Let’s cut the fluff: There is no Temu coupon code that gives you ¥15,000 off. There is no ‘act859911’ discount. There is no bot. There is no arbitrage. There is only one thing — a crypto scam dressed up as e-commerce savings.
This isn’t shopping. It’s a trap disguised as a deal.
You saw it: “¥15,000 off for new & existing users”, “30% extra”, “up to 90% discount”. Sounds too good? It is — because it’s not about Temu at all. It’s about redirecting you to a fake trading dashboard where you’re asked to deposit USDT or ETH ‘to unlock your coupon’. That’s when the real scam begins: a so-called ‘AI quantitative bot’ promises 1–2% daily returns — guaranteed.
Let’s do the math — cold, hard, compound math.
If a bot *truly* delivered just 1.5% every single day, compounding daily, here’s what happens to $500:
After 30 days: $500 × (1.015)³⁰ ≈ $779
After 90 days: $500 × (1.015)⁹⁰ ≈ $1,912
After 365 days: $500 × (1.015)³⁶⁵ ≈ $117,842
That’s a 23,468% annual return. For context: Renaissance Technologies’ Medallion Fund — arguably the most successful quant fund ever — averaged ~66% per year *before fees*, over decades, with $100B+ in infrastructure, 200+ PhDs, and proprietary satellite data feeds. And even they had losing months.
A Telegram group running a ‘bot’ from a $300 laptop doesn’t beat Renaissance. It bypasses reality — by faking charts, backdating trades, and showing you ‘profits’ that exist only in their admin panel. Your deposit? Goes straight to a wallet they control. Your ‘withdrawal request’? Gets buried under ‘KYC verification pending’, ‘server maintenance’, or ‘anti-money laundering review’ — until you stop asking.

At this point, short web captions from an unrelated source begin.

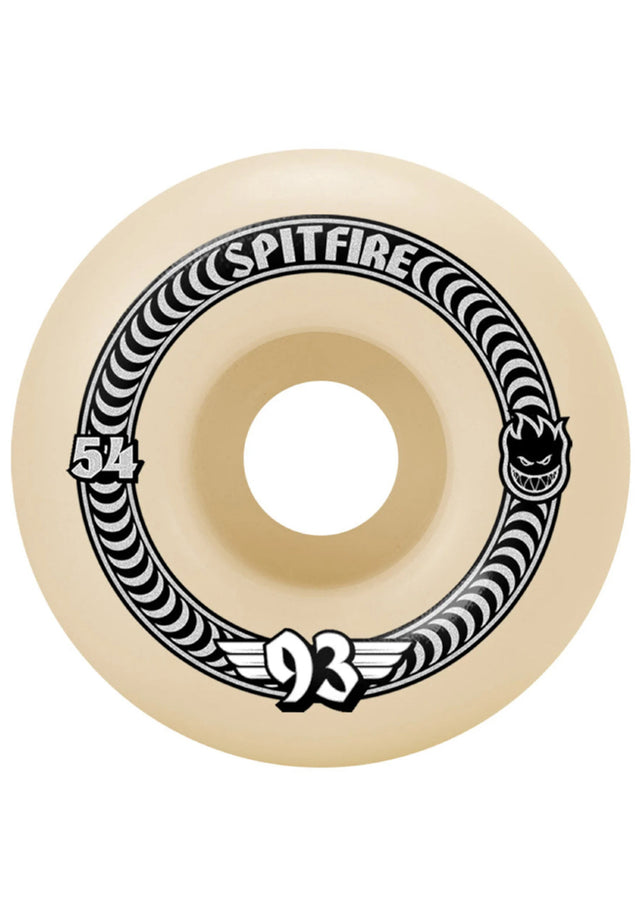 Formula Four Classics 93A natural-silver Vorderansicht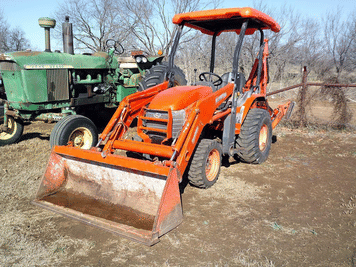Main image Kubota B26
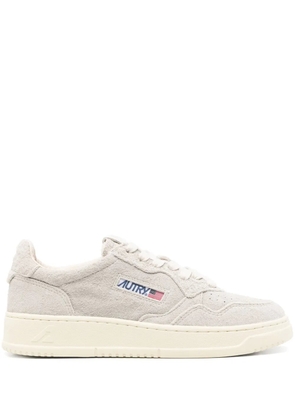 Autry Medalist Low Suede WMNS' 'White' sneakers - Neutrals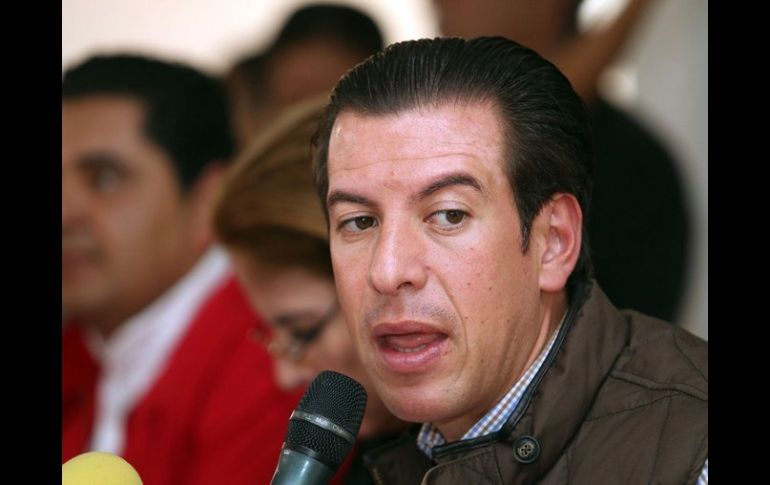 Castro Reynoso reiteró su disponibilidad para trabajar de manera coordinada con la Secretaría de Vialidad y Transporte . ARCHIVO  /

They say it’s ‘quantitative arbitrage’. Real arbitrage exploits microsecond price differences across exchanges — requiring colocated servers, FPGA hardware, and latency measured in nanoseconds. What they’re selling is arithmetic, not arbitrage. A spreadsheet with ‘+1.8%’ typed in bold next to your name.
Ray Dalio nailed it: “The biggest mistake investors make is to believe that what happened in the recent past is likely to persist.” They show you three days of ‘profit’ screenshots — then ask for more. That’s not strategy. That’s bait.

And let’s talk about risk — or rather, the total absence of it in their pitch. Real trading has drawdowns. Real algorithms fail. Real quants stress-test models against Black Swan events. This ‘bot’ has zero volatility in its demo. Zero slippage. Zero failed trades. That’s not low-risk — it’s fiction.
Warren Buffett’s first rule hits like a hammer here: “Rule No. 1: Never lose money. Rule No. 2: Never forget Rule No. 1.” You won’t lose money *trading* with this thing — because there’s no trading. You’ll lose money the second your crypto leaves your wallet and lands in theirs. No reversal. No chargeback. No recourse.
Worse? They’ve weaponized Temu’s brand — a real, legitimate platform — to lend credibility. But Temu doesn’t issue coupon codes via Telegram links. Doesn’t partner with crypto ‘yield farms’. Doesn’t offer ‘¥15,000 off’ to users who haven’t even created an account. If you got this ‘code’, you were targeted through a referral bonus scheme — where early victims get paid to recruit others, turning friends into unwitting accomplices.
This isn’t innovation. It’s theft with better copywriting.
So ask yourself: if a ‘bot’ can generate life-changing returns with zero risk, why is it being sold to you — not to Goldman Sachs? Why does it need *your* $500 instead of raising $500 million? Why does the ‘dashboard’ look like a Canva template from 2019?
The answer isn’t hidden in fine print. It’s in plain sight — because they don’t care if you figure it out. By the time you do, they’ve already moved wallets, changed domains, and launched ‘Version 2.0’ with a new fake coupon code.
You deserve better than lies wrapped in yen symbols and fake urgency. Don’t click. Don’t deposit. Don’t forward that link to your cousin ‘just in case’.
Stop chasing coupons. Start protecting your capital.